*EXERCISE OBJECTIVE*. Any images in the material are to be dropped while every line is retyped exactly.

*AVAILABLE DATA*.
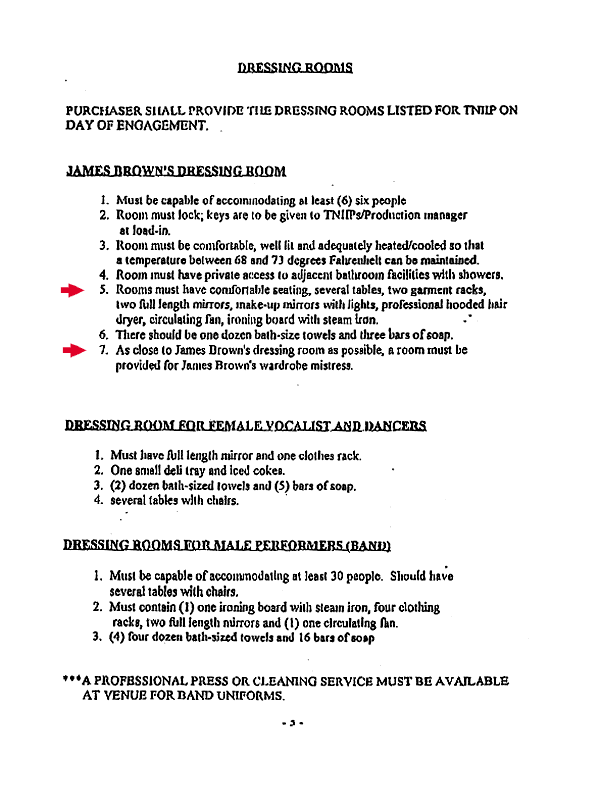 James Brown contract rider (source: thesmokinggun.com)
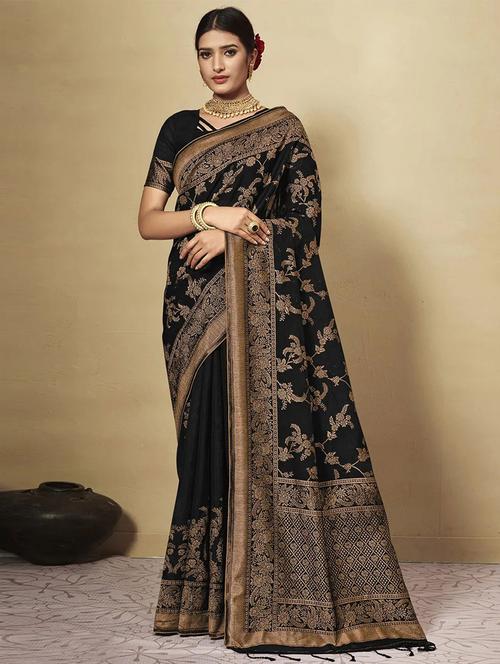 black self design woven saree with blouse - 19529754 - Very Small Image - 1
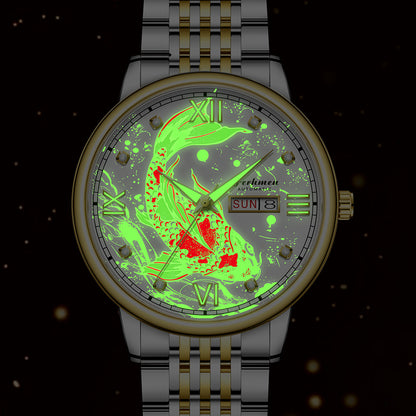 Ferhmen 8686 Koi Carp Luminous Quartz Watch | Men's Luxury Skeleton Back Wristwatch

*RESULT OF THE EXERCISE*.
 James Brown contract rider (source: thesmokinggun.com)
 black self design woven saree with blouse - 19529754 - Very Small Image - 1
 Ferhmen 8686 Koi Carp Luminous Quartz Watch | Men's Luxury Skeleton Back Wristwatch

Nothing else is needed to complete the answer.